All of the data below must be reproduced word for word, but without its images.

SUPPLIED MATERIAL>
++++++++++++++++++++

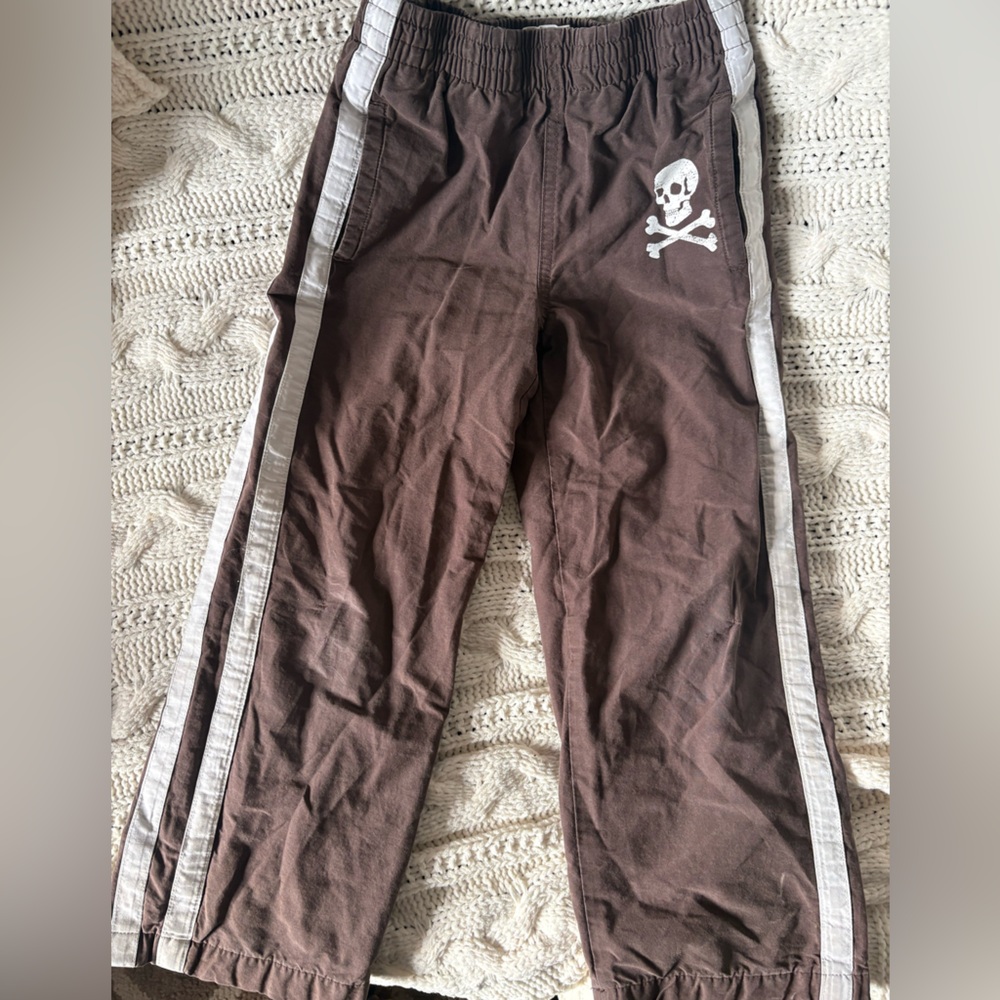 VINTAGE Brown Track Pants with Side Stripe and Skull/Crossbones Graphic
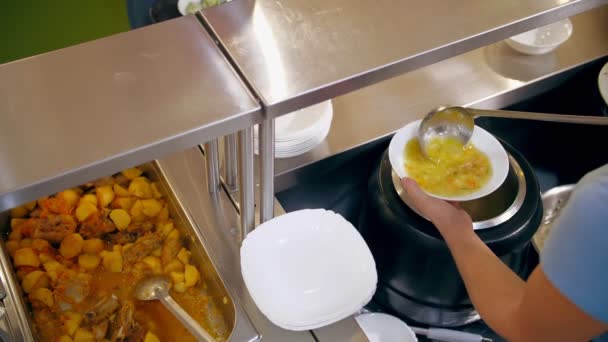Ресторан "шведський стіл". кафетерії самообслуговування. крупним планом. офіціантка, в захисних рукавичках, вливає гарячий суп в миску для клієнта. готувати. харчування для здоров'я . — стокове відео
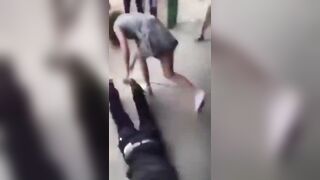 School Girl in Dress Knocks Out Black Dude in One on One Fight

++++++++++++++++++++

SOLUTION TO THIS EXERCISE>
 VINTAGE Brown Track Pants with Side Stripe and Skull/Crossbones Graphic
Ресторан "шведський стіл". кафетерії самообслуговування. крупним планом. офіціантка, в захисних рукавичках, вливає гарячий суп в миску для клієнта. готувати. харчування для здоров'я . — стокове відео
 School Girl in Dress Knocks Out Black Dude in One on One Fight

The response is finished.